Non voleva morire. Erano i Mangiamorte che dovevano fare quella fine, non gli innocenti come lui. Si riscosse e iniziò a lanciare incantesimi a sua volta. Lo sguardo gli cadde un istante sul soffitto, e sorrise. Scagliò ogni Maledizione ricordasse, una dietro l’altra, ed ebbe la soddisfazione di vedere il Mangiamorte indietreggiare di alcuni passi. Si fece avanti, deciso e coraggioso, benché consapevole che da un momento all’altro il suo avversario avrebbe ribaltato i ruoli.

Senza preavviso si lanciò di lato, puntando la bacchetta al soffitto. “Diffindo!”, urlò. Con uno schiocco secco, saltarono le corde che tenevano il lampadario sospeso sulla testa del Mangiamorte. Senza fermarsi a guardarlo scattò in avanti, mentre l’uomo veniva travolto. Corse a perdifiato, fino a raggiungere il primo angolo, dietro al quale si tuffò. Un incantesimo fece esplodere il muro nel punto in cui si trovava pochi istanti prima.

Rotolò velocemente a terra, per poi rialzarsi con uno scatto. Corse, corse, corse fino a raggiungere un passaggio segreto generalmente poco utilizzato e che fungeva da scorciatoia per l’entrata nella torre di Grifondoro. Entrò rapidamente.

Le sue narici si riempirono dell’odore di chiuso e di muffa, mentre stringeva spasmodicamente la bacchetta nella sua mano destra. “Lumos” sussurrò, e una tenue luce si accese a rischiarare il suo percorso.

Che mai era stato più oscuro.

Procedeva rapidamente, quasi impaziente di arrivare dove avrebbe potuto dare man forte ai suoi amici. Sapeva di essere incosciente e temerario, al momento. Non aveva ancora completato la propria istruzione e non era mai stato particolarmente abile nei duelli. Ma se era finito tra i Grifondoro un motivo c’era. Non si sarebbe tirato indietro di fronte al pericolo e alla morte, mai.
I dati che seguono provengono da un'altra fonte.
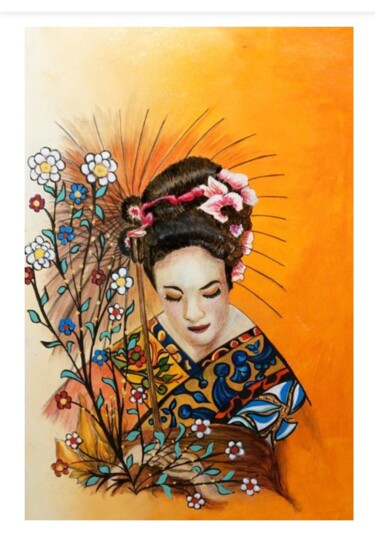 Pittura intitolato "giap2" da Roby, Opera d'arte originale, Olio Montato su Pannello di legno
Nonostante i dubbi che continuavano ad abbattersi in ondate cadenzate su di lui, la sua determinazione non avrebbe vacillato. In gioco c’era molto di più della sua incolumità.

Arrivò alla fine dello stretto corridoio e sporse fuori cautamente la testa, per accertarsi che nessuno fosse nei paraggi. Stava per scattare verso il ritratto della Signora Grassa, la quale, a dispetto del pericolo, non si era spostata in nessun’altro quadro. Ma dei bagliori fuori dalla finestra lo distrassero, portandolo ad avvicinarsi al vetro.
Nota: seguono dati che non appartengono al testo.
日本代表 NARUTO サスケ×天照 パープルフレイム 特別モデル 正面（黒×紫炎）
Sotto di lui la battaglia infuriava impazzita. Su quel corridoio semi-deserto in cui si trovava, invece, tutto taceva, come rinchiuso in una bolla di cristallo trasparente.

Vedeva getti di luce piovere dall’alto, probabilmente dalla cima della torre, e colpire alcuni degli avversari incappucciati a terra, che a loro volta stavano duellando ferocemente con altre persone. Colin non riusciva a distinguere chi fosse chi: poteva solo sperare che tra loro non ci fosse nessuno dei suoi amici. Si sentì male al solo pensiero. Il suo stomaco si contrasse spiacevolmente quando vide uno degli incantesimi sfiorare un ragazzo spaventosamente simile a Seamus Finnigan. La sua mano si strinse alla maniglia della finestra, come se per un attimo avesse desiderato aprirla e lanciarsi giù, per aiutarli, per sfuggire a quel senso di inerzia che si stava infiltrando sotto la sua pelle.
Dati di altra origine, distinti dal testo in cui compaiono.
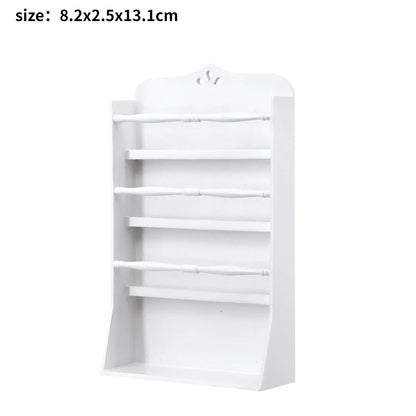 1/6 Scale BJD Dollhouse Wooden Shelf & Sink Cabinet — Miniature Kitchen Furniture Accessory for Dollhouse Bar Counter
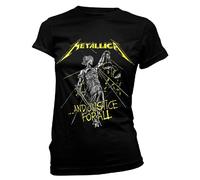 Metallica 'And Justice For All Tracks' (Noir) T-shirt ajusté pour femme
Non poteva restare fermo lì. Combattere, uccidere se necessario. Era questo che doveva fare.

Doveva ignorare la paura che stava iniziando a serpeggiare sinuosa intorno ai suoi piedi, appesantendoli, più seducente e crudele che mai. Si costrinse a muoversi, lacerando quegli invisibili legami che tentavano di bloccarlo; la consapevolezza che desiderava combattere per proteggere la propria famiglia gli diede forza.

Dennis, mamma, papà.

Ce l’avrebbe fatta, per loro. Non si sarebbe arreso, grazie a loro.

A nessun figlio o fratello viene imposto di ripagare l’affetto con cui è stato nutrito fin dalla nascita: ma ognuno di loro sa che ci sarà un momento nella vita in cui il desiderio di pagare quel dolcissimo debito oscurerà qualsiasi altro pensiero. Colin sentiva che quel momento era arrivato. E non si sarebbe tirato indietro.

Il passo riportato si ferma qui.